EXERCISE AIM: Repeat only the lines below from the one containing "Profile image of Nagi Seishiro" through the one containing "Cobertura à venda", inclusive, exactly as written.

─── MATERIAL FOR THE TASK ───

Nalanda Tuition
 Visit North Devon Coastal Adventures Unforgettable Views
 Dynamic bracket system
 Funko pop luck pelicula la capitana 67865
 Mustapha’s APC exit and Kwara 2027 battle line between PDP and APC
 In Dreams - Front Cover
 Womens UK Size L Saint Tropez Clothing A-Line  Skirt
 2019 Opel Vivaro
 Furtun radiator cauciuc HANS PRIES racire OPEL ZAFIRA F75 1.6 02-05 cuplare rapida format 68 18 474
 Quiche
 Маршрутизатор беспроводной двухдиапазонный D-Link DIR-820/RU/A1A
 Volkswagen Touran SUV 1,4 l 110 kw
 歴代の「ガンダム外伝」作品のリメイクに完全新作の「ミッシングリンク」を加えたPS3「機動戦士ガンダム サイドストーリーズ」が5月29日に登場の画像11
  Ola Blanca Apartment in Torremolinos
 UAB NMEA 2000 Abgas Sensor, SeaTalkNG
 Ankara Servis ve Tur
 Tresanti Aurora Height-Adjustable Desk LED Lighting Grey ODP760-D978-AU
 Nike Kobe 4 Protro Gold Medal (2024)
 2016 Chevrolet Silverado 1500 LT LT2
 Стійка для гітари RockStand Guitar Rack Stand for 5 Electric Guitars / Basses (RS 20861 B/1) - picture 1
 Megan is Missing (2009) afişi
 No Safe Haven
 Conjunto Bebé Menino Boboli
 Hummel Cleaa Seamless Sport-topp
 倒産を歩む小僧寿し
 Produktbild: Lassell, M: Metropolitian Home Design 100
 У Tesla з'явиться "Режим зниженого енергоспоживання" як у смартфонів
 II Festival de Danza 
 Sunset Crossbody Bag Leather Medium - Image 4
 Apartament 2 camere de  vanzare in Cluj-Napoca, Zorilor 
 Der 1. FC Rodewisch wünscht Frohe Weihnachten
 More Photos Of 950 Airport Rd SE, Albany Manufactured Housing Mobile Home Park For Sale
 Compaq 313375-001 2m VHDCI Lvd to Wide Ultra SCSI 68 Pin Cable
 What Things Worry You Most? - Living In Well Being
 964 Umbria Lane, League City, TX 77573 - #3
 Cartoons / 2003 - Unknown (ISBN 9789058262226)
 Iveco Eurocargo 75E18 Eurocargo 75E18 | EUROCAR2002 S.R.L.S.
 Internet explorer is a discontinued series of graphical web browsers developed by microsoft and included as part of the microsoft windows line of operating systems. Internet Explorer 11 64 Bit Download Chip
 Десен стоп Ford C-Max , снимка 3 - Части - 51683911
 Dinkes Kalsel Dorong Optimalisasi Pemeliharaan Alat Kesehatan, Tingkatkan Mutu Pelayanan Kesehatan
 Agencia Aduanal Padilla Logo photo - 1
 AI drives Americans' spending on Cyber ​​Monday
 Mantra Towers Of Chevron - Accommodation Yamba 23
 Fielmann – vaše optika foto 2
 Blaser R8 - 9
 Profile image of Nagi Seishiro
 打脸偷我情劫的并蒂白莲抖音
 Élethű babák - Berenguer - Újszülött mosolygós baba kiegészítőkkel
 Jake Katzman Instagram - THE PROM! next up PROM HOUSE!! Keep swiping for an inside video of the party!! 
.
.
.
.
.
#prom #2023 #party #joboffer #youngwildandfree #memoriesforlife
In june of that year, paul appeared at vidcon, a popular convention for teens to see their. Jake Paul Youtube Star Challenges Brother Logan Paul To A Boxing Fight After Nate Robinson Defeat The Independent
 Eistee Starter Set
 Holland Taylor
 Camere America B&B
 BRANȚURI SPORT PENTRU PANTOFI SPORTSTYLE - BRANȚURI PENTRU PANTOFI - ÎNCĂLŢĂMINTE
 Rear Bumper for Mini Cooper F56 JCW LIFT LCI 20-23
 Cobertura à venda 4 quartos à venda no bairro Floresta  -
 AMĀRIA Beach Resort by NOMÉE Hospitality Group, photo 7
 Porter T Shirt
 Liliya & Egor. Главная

───

COMPLETED EXERCISE:
 Profile image of Nagi Seishiro
 打脸偷我情劫的并蒂白莲抖音
 Élethű babák - Berenguer - Újszülött mosolygós baba kiegészítőkkel
 Jake Katzman Instagram - THE PROM! next up PROM HOUSE!! Keep swiping for an inside video of the party!! 
.
.
.
.
.
#prom #2023 #party #joboffer #youngwildandfree #memoriesforlife
In june of that year, paul appeared at vidcon, a popular convention for teens to see their. Jake Paul Youtube Star Challenges Brother Logan Paul To A Boxing Fight After Nate Robinson Defeat The Independent
 Eistee Starter Set
 Holland Taylor
 Camere America B&B
 BRANȚURI SPORT PENTRU PANTOFI SPORTSTYLE - BRANȚURI PENTRU PANTOFI - ÎNCĂLŢĂMINTE
 Rear Bumper for Mini Cooper F56 JCW LIFT LCI 20-23
 Cobertura à venda 4 quartos à venda no bairro Floresta  -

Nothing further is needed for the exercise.